8- Asgari ücret görüşmelerinde hep manşet enflasyon verileri temel alınıyor. Halbuki farklı gelir gruplarının tüketim kalıpları, buna bağlı olarak da yüz yüze kaldıkları enflasyon farklılık gösterebiliyor. Örneğin yüzde 20’lik en alt gelir dilimi gelirlerinin yüzde 36,6’sını gıdaya, yüzde 29,2’sini konut ve kira harcamalarına ayırıyor. Kasım sonu itibarıyla TÜFE artışı yüzde 47,09 iken gıda enflasyona yüzde 48,57, kira enflasyonu ise yüzde 109’du. Taze sebze-meyve artışları ise yüzde 91,16’yı bulmuştu. TÜİK’in asgari ücretliler için ayrı bir enflasyon açıklaması, o zamana kadar da genelde yüzde 20’lik dilimlerle dar gelirlilerin muhatap olduğu enflasyon oranının dikkate alınması gerekir.

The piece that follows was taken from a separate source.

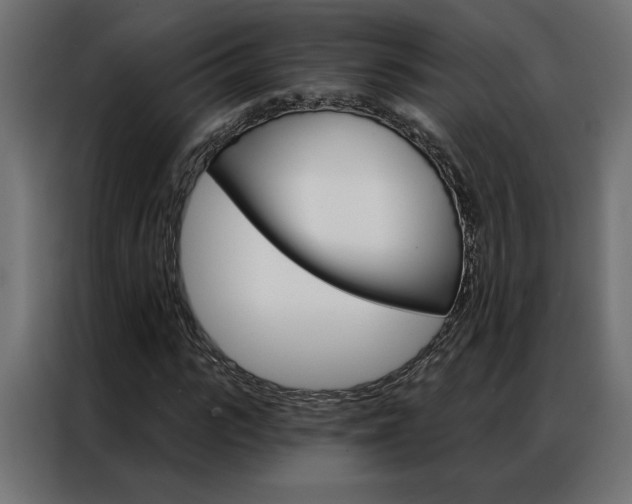 X0000086950919200704161054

9- Asgari ücretin istisnai bir ücret olması gerekirken, zamanla ortalama ücret haline geldiğini vurgulamıştık. Durum böyle olunca insanların mevcut işlerinde bilgi ve becerilerini artırma, teknolojik gelişmeler doğrultusunda yeni mesleklere yönelme, genelde de eğitim süreçleri sonucu daha iyi ücretler kazanma şevk ve umutları azalır. Bu da yine piyasacı ekonomistlerin “Önce işgücü verimliliği artırmalı” önerisinin, yanlış bir nedenselliğe dayandığını gösterir. Elbet işgücü verimliliğinde makine-teçhizat donanımı, teknoloji kullanımı önemli rol oynar. Ama aynı zamanda işgücünün üretim sürecinde daha nitelikli bir emek arzı sergileyebilmesi için motivasyonunun yükseltilmesi, bu sayede işgücü verimliliğinin artırılması beklenir.
10- Kapitalizmin döngüselliği içerisinde de, emekçinin ertesi gün dinlenmiş, sağlıklı biçimde beslenmiş olarak işbaşı yapması; vardiyada kredi kartı borcunu nasıl kapatacağını, faturalarını nasıl ödeyeceğini düşünmemesi gerekir. Aynı şekilde o çalışanın çocuklarının eğitim ve sağlık hizmetlerinden yararlanmasının, gelecek kuşakların sağlık ve donanımlı olarak emek piyasasına katılımının sağlanmasının gözetilmesi de zorunludur. Bunun için asgari ücretin, açlık sınırının üzerine söz gelimi bir yüzde 50 diğer gereksinimlerin karşılanması için gerekli pay eklendikten sonraki düzeyin altına düşmemesi önerilir. Bu ayarlamanın, asgari ücretin bu noktanın altına inmesi halinde otomatik olarak devreye girmesi zor olmaz. Örneğin Kasım 2024’te açlık sınırı 20 bin 562 TL, bunun yüzde 50 fazlası ise 30 bin 843 TL’dir. Asgari ücret asla bu rakamın altına düşmemeli, gerekirse her ay ayarlama yapılmalıdır.